### Task statement
Repeat exactly the line that contains "Billa Blue By" and every line after it, down to the last line of the entries below. Do not include pictures.

### Input data
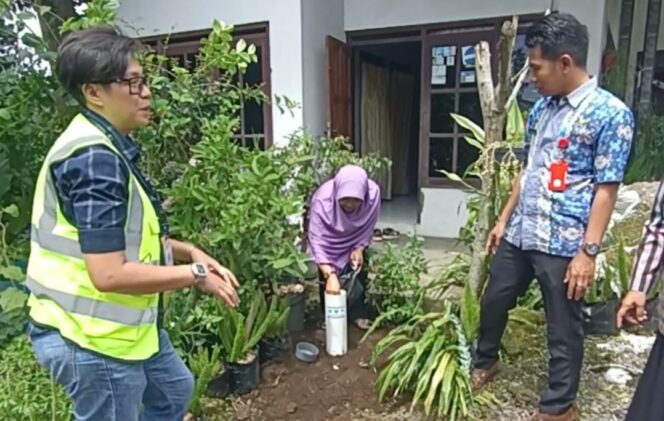 
					<em>Warga Desa Kenteng menanam 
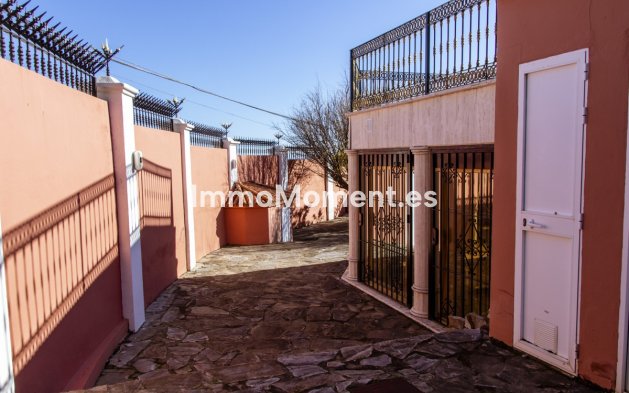 Wiederverkauf - Villa - Estepona  - Estepona Centro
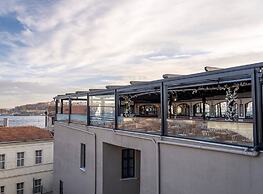 Ferman Port Hotel - Special Class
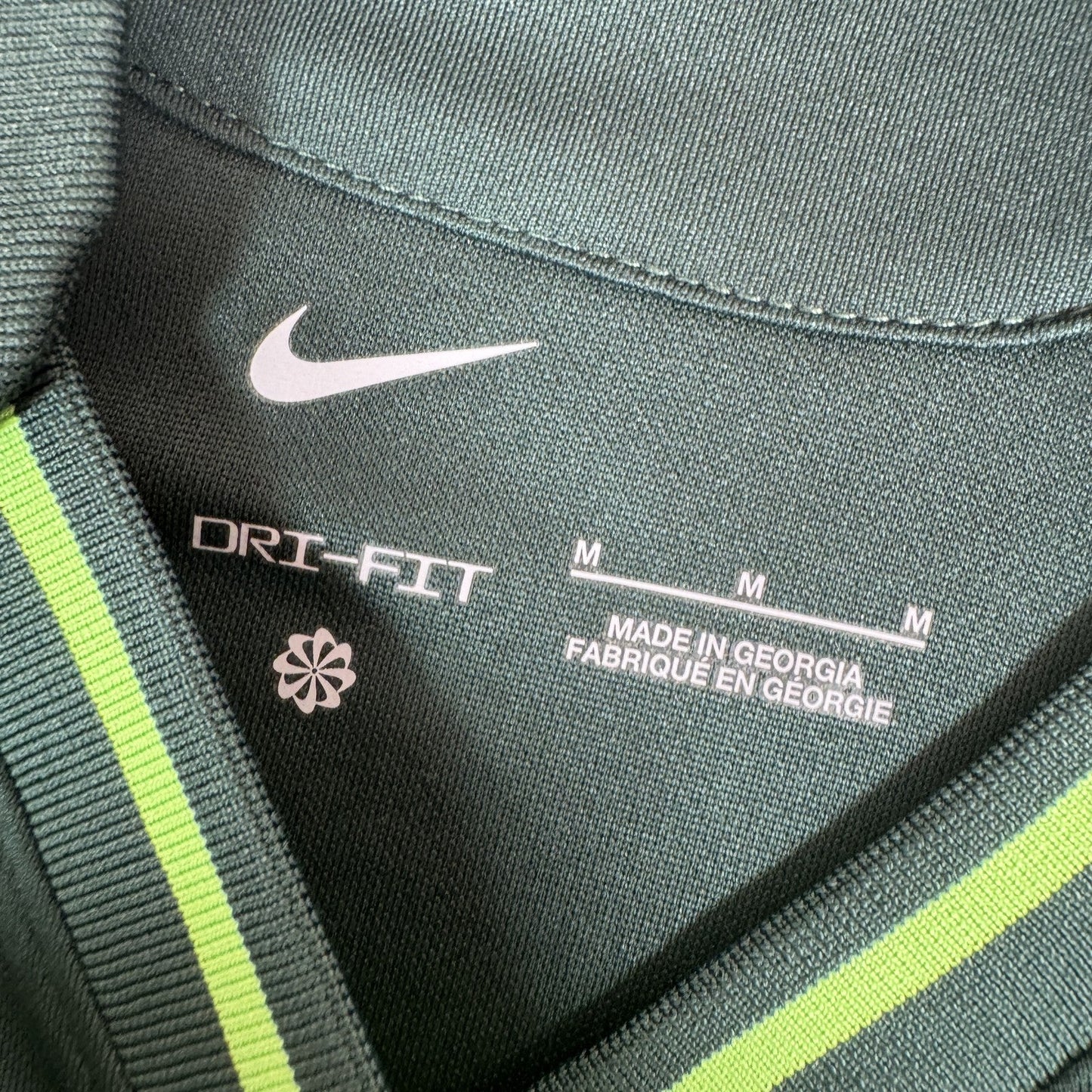 Vfl Wolfsburg 2021/2022 Away Football Shirt  Medium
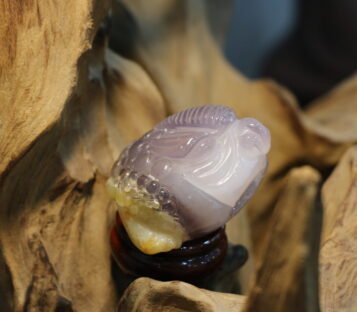 Natural Agate Feng Shui Good Luck Wealthy Frog With Crystal Cave  CPT0023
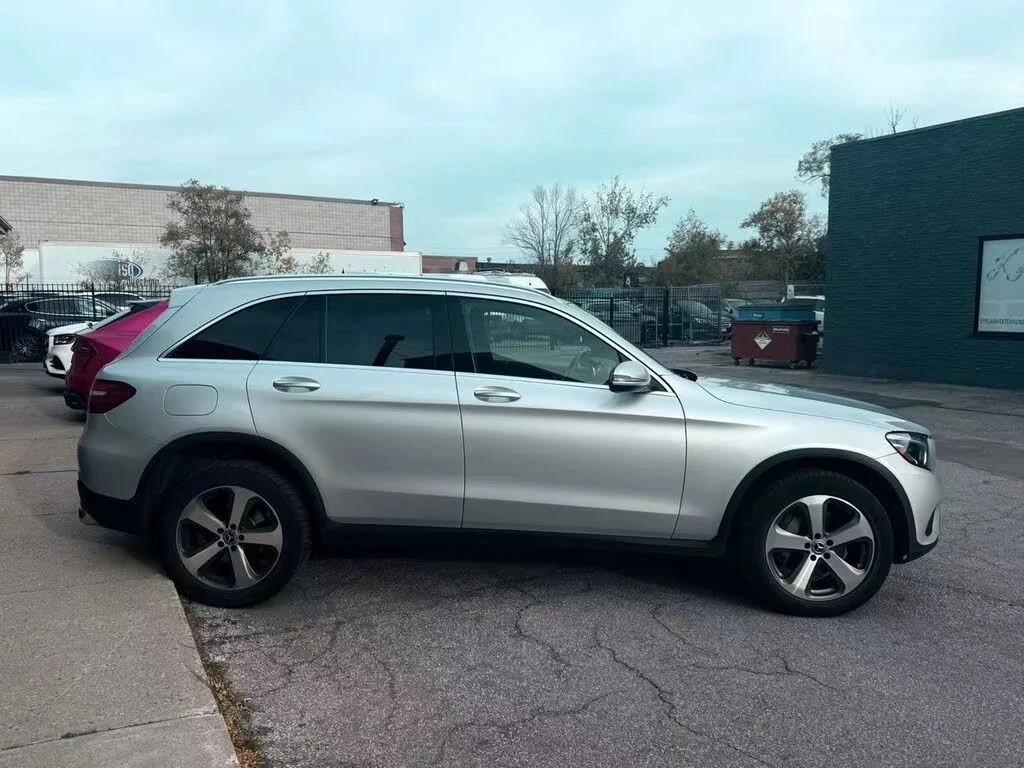 Mercedes-Benz GLC 300, снимка 6 - Автомобили и джипове - 56724130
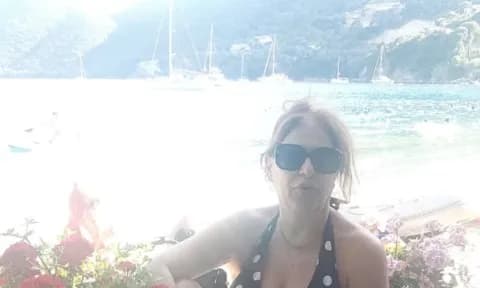 Η Ελένη Ράντου στη Λευκάδα: «Δεν είσαι νησί, είσαι θεραπεία»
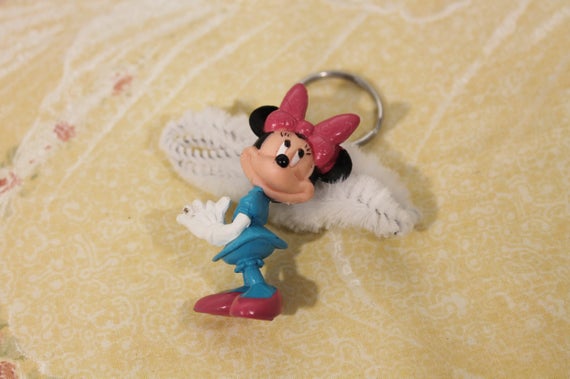 Older Disney Minnie Mouse Keychain - Etsy display picture 1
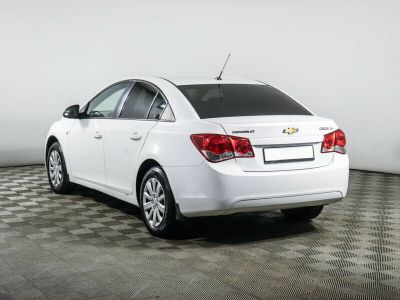 Chevrolet Cruze, 1.8 л, МКПП, 2011 фото 6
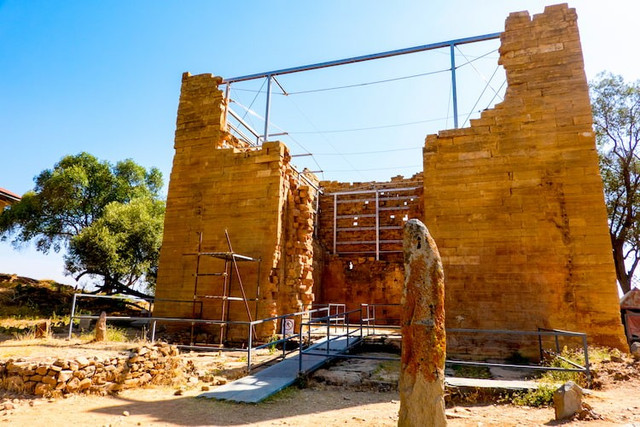 Là công trình đá cổ nhất Đông Phi. Đền Yeha được xây dựng vào thế kỷ 7 TCN bằng những khối đá ghép khít không dùng vữa. Ảnh: historyhit.com.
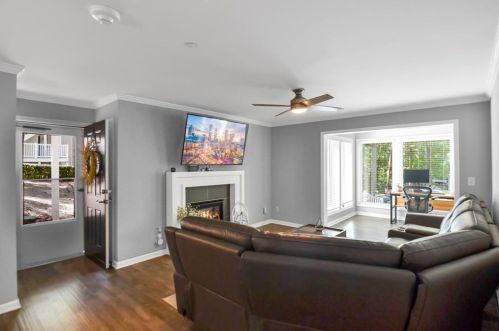 1592 Alexandria Ct, Marietta, GA 30067-5328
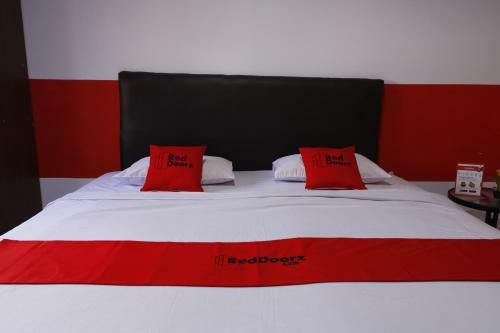 Hostal Reddoorz Plus @ Samratulangi Manado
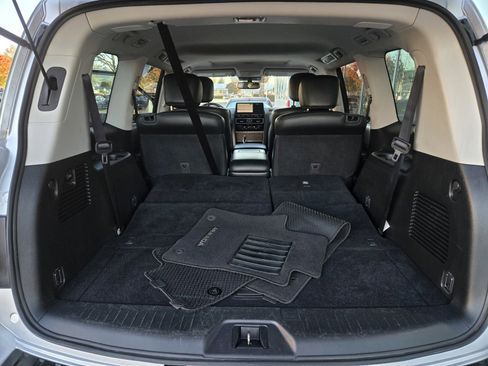 Used 2023 Nissan Armada SL w/ Captain's Chairs Package image 26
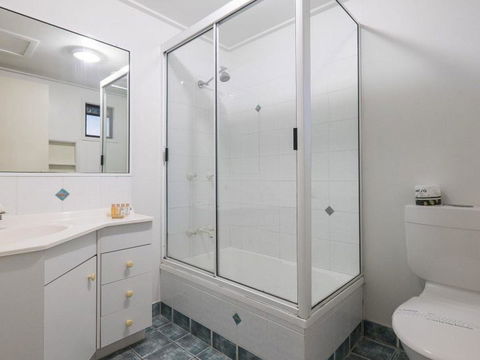 Billa Blue By Discover Stradbroke - New Castle Holiday 8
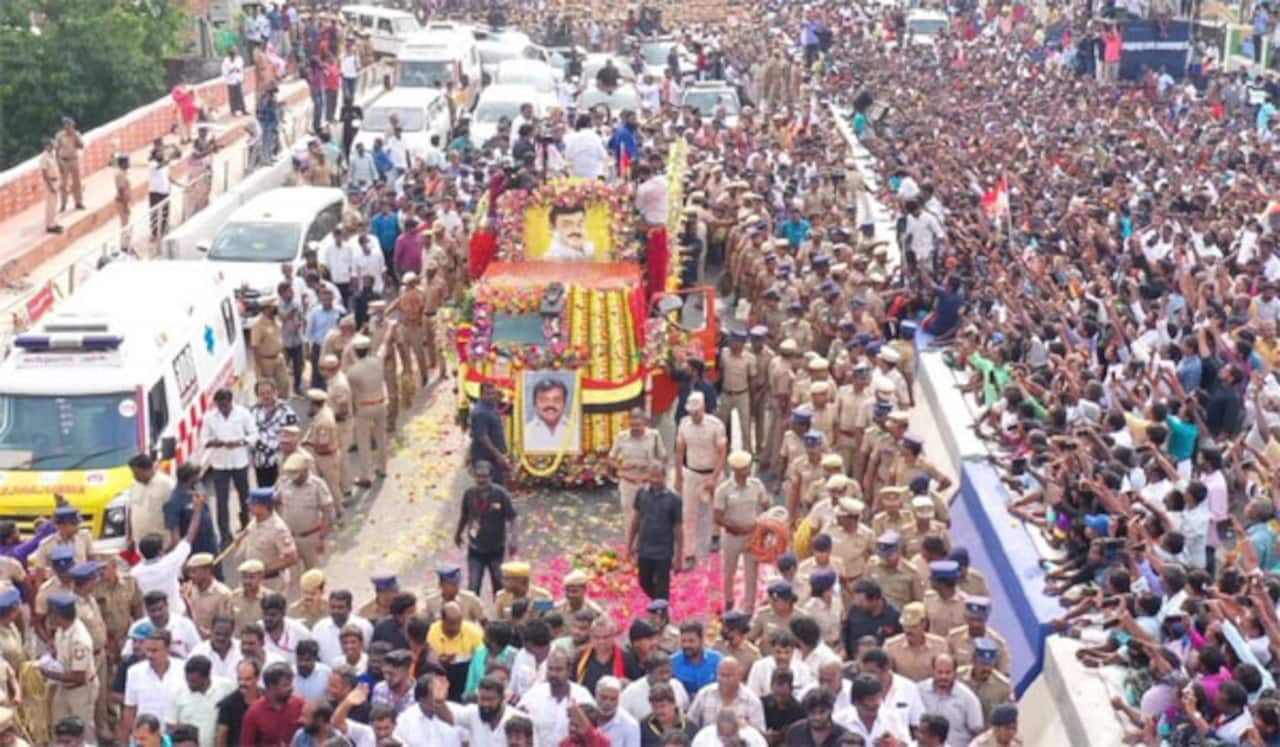 விடைபெற்றார் ‛கேப்டன் விஜயகாந்த் - புகைப்பட ஆல்பம் தொகுப்பு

### Your solution
 Billa Blue By Discover Stradbroke - New Castle Holiday 8
 விடைபெற்றார் ‛கேப்டன் விஜயகாந்த் - புகைப்பட ஆல்பம் தொகுப்பு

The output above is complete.